A Trajectory for Advancing the Meta-Cognitive Solving of Mathematics-Based Programming Problems with Scratch

It is the intention of the current study to suggest a trajectory for the advancement of prospective mathematics teachers’ use of meta-cognitive skills in solving mathematics-based programming problems with Scratch. Scratch is a code-based program that can be utilized in teaching various disciplines, especially geometry and its rich range of subjects such as the topic of symmetry. The present study suggests that advancing prospective teachers’ meta-cognitive skills in the Scratch environment could be done through problem solving and negotiations.

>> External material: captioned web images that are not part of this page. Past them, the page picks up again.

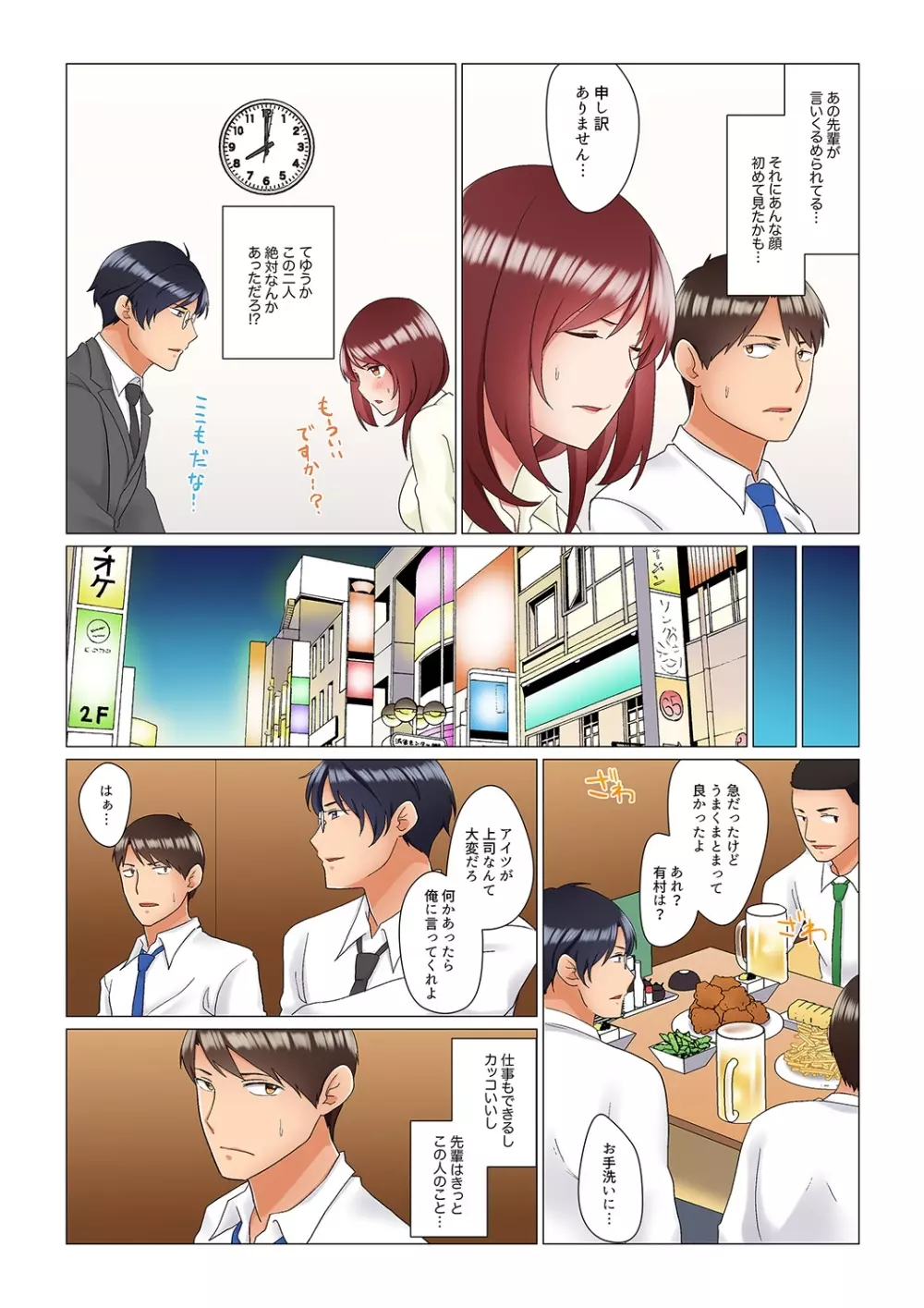 居眠り中の女上司にこっそり挿入(※寝たフリしながらイッてました)1-10 Page.205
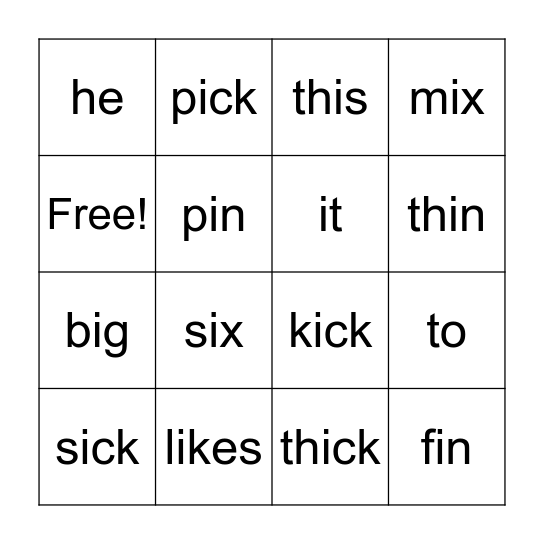 Second Grade Bingo Card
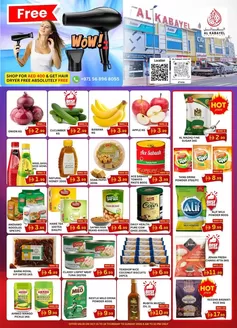 Al Kabayel catalogue | Amazing Offers | 2026-10-15T00:00:00.000Z - 2026-10-18T00:00:00.000Z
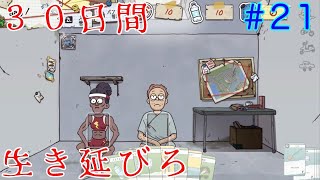 【バンカーライフ実況】最強のごくつぶしじゃねえかｗｗ【＃21】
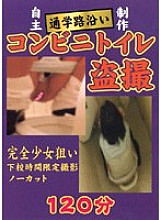 HBMV-001 DVD Cover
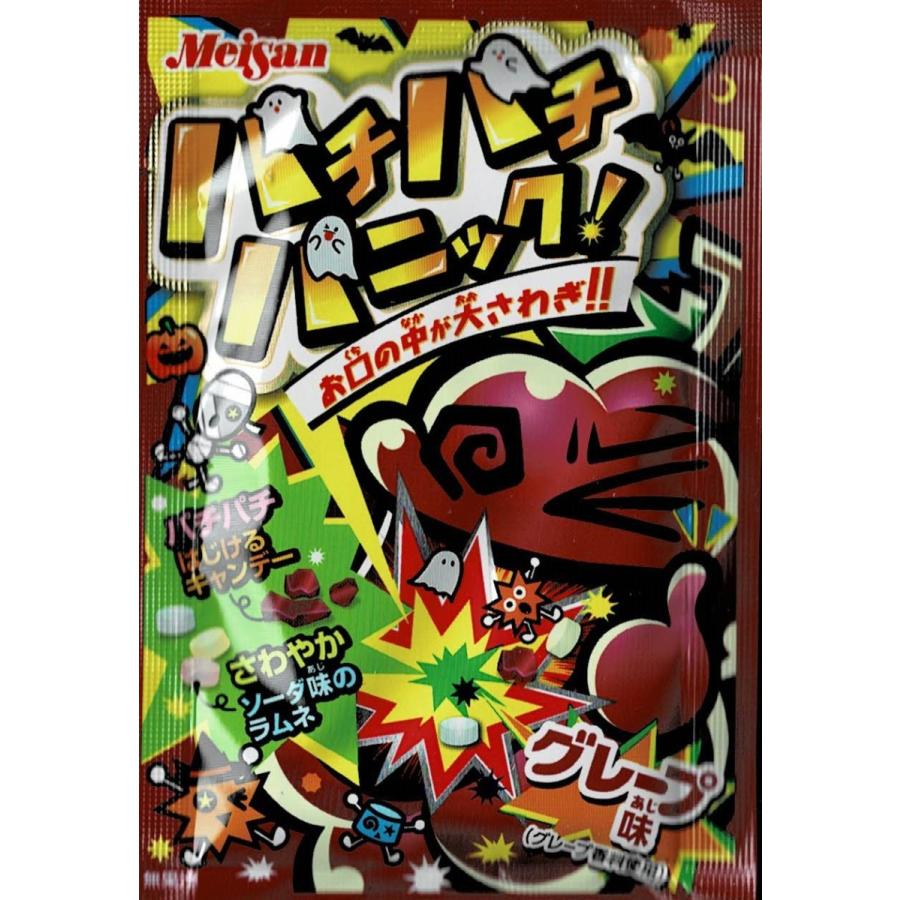 推奨 森永 バリボリラムネ グレープ味 32g 3袋セット www.basexpert.com.br 推奨 森永 バリボリラムネ グレープ味 32g 3袋セット www.basexpert.com.br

The present paper analyzed the implementation of the trajectory by two pedagogic supervisors who attempted, in the frame of one-year preparation (2018–2019), to educate 18 prospective teachers to use meta-cognitive skills in mathematics-based programming activities, where this attempt was based on problem solving and negotiation processes. Data were collected through videoing and recording the learning sessions of the prospective teachers and was analyzed using deductive and inductive constant comparison methods. The deductive analysis utilized theoretical models of meta-cognitive processes and negotiation processes. The research results indicated that the negotiation processes supported the development of the prospective teachers’ meta-cognitive processes in solving mathematics-based programming problems with Scratch.